The projection, she said, was also premised on the expectation that the introduction of the First-Port-Rule for the transit trade would be well managed in order not to deflect transit cargo to neighbouring West African countries’ ports.
The “First-Port-Rule” is an arrangement that allows customs officials from neighbouring landlocked countries to set up desks at Ghana’s Ports to collect taxes on transit goods, which would become operational on March 1.
Ms. Benonita Bismarck, the Chief Executive Officer (CEO) of the Authority, addressing journalists at its Shipping Quarter and Outlook engagement, in Accra, on Wednesday, said the World Bank had predicted the global economic growth to slow to 2.9 percent, this year.
Additionally, the World Trade Organisation’s (WTO) Outlook indicator for global trade growth this year is projected to slow to 3.7 percent.
The slowdown, she said, was largely attributed to trade protectionism, tight conditions and the ongoing trade war between the two biggest worlds economies-the United States of America and China.
Ms. Bismarck said the Chinese economy grew by just 6.6 percent in 2018 compared to 10.4 percent in 2017, noting that, China, being one of the major trading countries in the world, her slow economic growth is likely to hold a negative impact on the global maritime industry.

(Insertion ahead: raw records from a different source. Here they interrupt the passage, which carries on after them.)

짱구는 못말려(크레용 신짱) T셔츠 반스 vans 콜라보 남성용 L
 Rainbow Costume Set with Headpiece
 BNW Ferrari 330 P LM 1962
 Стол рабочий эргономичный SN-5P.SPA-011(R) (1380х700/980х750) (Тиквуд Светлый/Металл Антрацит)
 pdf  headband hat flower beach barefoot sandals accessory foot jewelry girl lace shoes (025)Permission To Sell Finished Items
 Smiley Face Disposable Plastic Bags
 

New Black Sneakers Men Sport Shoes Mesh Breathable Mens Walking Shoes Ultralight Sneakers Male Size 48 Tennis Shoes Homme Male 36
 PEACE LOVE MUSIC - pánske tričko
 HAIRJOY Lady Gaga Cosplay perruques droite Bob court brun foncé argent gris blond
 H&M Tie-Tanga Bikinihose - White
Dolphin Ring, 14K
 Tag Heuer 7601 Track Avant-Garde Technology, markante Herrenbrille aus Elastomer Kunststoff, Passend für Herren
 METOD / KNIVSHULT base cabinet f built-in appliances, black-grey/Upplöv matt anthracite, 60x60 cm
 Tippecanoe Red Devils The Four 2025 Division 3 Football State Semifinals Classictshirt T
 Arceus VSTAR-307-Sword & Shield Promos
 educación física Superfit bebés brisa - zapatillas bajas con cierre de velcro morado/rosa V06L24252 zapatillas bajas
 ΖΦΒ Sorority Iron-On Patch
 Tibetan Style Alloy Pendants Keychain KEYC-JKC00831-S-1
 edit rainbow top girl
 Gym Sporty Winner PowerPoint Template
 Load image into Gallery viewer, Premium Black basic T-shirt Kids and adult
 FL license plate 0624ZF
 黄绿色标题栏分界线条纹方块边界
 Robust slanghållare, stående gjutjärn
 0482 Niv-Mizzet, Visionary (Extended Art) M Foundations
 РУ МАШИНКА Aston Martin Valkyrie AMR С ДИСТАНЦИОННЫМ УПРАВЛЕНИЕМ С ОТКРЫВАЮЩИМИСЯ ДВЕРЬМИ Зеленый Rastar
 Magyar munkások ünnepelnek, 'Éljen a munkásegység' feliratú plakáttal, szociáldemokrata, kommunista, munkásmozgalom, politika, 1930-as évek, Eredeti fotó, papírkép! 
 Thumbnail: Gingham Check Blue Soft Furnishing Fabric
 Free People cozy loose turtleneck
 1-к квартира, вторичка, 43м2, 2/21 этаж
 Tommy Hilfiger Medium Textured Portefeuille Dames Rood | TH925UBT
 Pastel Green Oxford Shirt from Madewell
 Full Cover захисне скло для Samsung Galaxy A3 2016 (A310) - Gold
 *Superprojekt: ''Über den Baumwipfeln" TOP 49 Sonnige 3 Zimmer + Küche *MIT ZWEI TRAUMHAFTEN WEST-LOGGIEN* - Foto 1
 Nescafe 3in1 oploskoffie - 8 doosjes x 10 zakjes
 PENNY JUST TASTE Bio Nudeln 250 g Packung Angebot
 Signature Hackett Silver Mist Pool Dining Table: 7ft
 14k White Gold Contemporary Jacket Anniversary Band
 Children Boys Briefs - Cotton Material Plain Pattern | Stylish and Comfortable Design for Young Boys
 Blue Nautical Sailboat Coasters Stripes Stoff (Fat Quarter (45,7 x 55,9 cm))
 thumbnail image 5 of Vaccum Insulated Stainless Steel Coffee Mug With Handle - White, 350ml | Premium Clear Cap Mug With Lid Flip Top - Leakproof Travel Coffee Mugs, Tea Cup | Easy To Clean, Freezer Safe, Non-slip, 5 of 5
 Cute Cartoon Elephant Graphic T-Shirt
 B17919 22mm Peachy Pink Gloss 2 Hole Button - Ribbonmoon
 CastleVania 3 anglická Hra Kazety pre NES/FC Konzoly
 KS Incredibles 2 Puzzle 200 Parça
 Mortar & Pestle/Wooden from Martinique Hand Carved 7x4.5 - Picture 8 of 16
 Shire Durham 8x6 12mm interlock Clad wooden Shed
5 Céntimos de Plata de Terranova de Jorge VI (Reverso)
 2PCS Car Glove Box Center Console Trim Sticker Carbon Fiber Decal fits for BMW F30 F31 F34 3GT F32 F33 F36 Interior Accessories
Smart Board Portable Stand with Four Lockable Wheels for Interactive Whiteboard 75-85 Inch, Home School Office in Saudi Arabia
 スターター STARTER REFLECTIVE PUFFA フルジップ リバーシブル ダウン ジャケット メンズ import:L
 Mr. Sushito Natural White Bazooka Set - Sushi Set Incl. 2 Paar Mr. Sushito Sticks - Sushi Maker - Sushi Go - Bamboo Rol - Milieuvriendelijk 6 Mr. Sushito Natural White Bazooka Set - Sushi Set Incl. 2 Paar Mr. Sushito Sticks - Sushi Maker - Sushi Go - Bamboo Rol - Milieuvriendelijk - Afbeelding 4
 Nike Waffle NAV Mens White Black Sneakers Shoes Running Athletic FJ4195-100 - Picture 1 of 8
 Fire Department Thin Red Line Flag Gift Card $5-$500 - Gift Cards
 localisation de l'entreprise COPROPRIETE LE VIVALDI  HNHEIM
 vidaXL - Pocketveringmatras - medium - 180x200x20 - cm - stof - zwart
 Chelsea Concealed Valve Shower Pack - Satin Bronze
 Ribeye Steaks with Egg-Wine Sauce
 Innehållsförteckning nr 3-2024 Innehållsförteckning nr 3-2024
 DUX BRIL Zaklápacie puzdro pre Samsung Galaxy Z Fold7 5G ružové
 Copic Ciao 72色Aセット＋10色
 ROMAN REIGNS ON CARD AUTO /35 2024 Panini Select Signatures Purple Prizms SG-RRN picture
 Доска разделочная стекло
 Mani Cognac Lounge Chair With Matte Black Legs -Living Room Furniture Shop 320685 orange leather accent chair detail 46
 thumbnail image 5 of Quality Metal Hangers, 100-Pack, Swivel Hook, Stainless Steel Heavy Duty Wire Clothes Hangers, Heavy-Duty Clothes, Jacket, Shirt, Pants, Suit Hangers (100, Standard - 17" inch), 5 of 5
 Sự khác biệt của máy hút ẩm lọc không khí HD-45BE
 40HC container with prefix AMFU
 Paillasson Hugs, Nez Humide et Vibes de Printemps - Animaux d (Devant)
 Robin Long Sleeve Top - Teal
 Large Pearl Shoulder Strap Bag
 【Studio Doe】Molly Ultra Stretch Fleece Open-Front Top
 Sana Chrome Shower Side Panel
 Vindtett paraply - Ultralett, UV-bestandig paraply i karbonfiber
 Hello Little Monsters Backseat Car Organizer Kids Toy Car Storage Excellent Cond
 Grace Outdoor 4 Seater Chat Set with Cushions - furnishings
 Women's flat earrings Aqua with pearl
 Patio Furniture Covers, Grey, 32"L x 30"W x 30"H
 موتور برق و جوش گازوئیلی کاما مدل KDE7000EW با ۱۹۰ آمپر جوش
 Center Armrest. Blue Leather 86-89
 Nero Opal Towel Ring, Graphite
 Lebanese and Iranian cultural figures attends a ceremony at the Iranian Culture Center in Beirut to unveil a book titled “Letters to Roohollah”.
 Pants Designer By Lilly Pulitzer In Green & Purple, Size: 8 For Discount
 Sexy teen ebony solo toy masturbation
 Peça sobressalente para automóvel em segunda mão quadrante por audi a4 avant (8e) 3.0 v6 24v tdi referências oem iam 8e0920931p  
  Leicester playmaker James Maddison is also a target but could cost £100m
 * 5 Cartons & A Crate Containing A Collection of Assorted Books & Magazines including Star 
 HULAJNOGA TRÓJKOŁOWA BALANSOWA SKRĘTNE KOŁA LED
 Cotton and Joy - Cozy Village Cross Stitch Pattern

Consequently, it would negatively affect Ghana’s domestic economic situation since the Far East held the country’s largest share of international trade, with the Chinese alone holding more than 75 percent share.
The CEO of the Shippers Authority observed that the global trade outlook has always had a direct impact on Ghana’s international trade performance.
However, she said local policies and programmes had tended to propel the nation’s trade growth higher than the global average.
She said even though cargo throughput for 2018 posted a growth of about eight percent, there was a slowing trend in the third and fourth quarters of 2018.
That, she said, could be attributed to the uncertainty that surrounded the introduction of the Cargo Tracking Note (CTN) and other policies, adding that, those policies would mature and stabilise, while no new ones would be introduced in the short term.
Ms. Bismarck said whilst the country’s imports experienced a slow growth of 1.2 percent in 2018, exports, on the other hand, grew by 24 percent, saying that, prospects for continued growth in the export sector are very bright in the wake of Government aggressive industrial policies.
The Ghana Revenue Authority introduced the CTN in the third quarter of 2018 to facilitate import transaction processes for revenue assurance purposes.
However, the CEO of the GSA said, the communication of the policy to industry players had been problematic as it was not too clear whether it was mandatory or a reprieve period was offered for non-compliance.
“It is important that the positions are made clear to ensure predictability for shippers.
“We also believe that the CTN must be seen as a tool for revenue assurance, as it can also facilitate trade and provide authentic trade data for effective planning by policymakers,” Ms. Bismarck stated.